AstraZeneca on Wednesday evening released updated information on its COVID-19 clinical trial, showing an effectiveness rate of 76%, down from the 79% rate it claimed earlier in the week.
On Monday, the company, which has developed its vaccine in collaboration with scientists at Oxford University, released interim data from a 32,000-person trial conducted in the U.S., Chile and Peru.
However, an independent review committee that examined the results said the data was misleading, because it contained information only through Feb. 17.
As of Feb. 17, 141 people in the trial had come down with COVID-19, the vast majority in the group that received a salt-water placebo rather than the active vaccine.

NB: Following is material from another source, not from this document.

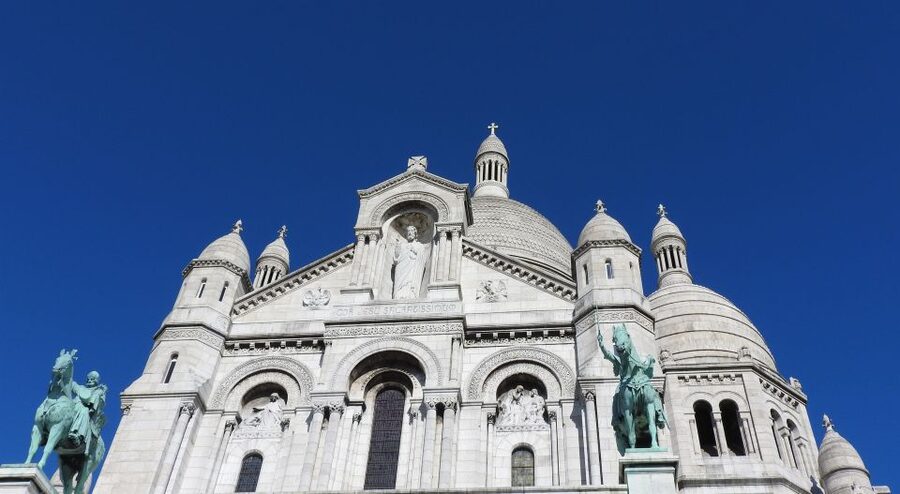 Paris: Sacré-Coeur and Montmartre Tour with Expert Guide - Guide style matters, and this tour has a solid track record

Among those people, the vaccine was shown to 79% effective in preventing any symptoms of COVID-19 and 100% effective in preventing severe disease and hospitalizations.
The updated information, which included 190 symptomatic cases, showed only a slightly different picture.
The vaccine prevented 76% of cases of symptomatic disease two weeks after the second dose, as well as all severe disease and hospitalizations, according to the updated data. It was 85% effective against symptomatic COVID-19 in trial volunteers aged 65 and over, according to the new data, instead of the 80% reported earlier.
Eight trial participants developed severe COVID-19, all of whom received a saline shot instead of active vaccine, the company said.
Fourteen more cases of possible or probable infection have yet to be fully examined so the figures may change slightly, the company said.
The updated figures show the vaccine remains effective enough to meet the FDA’s standards for effectiveness.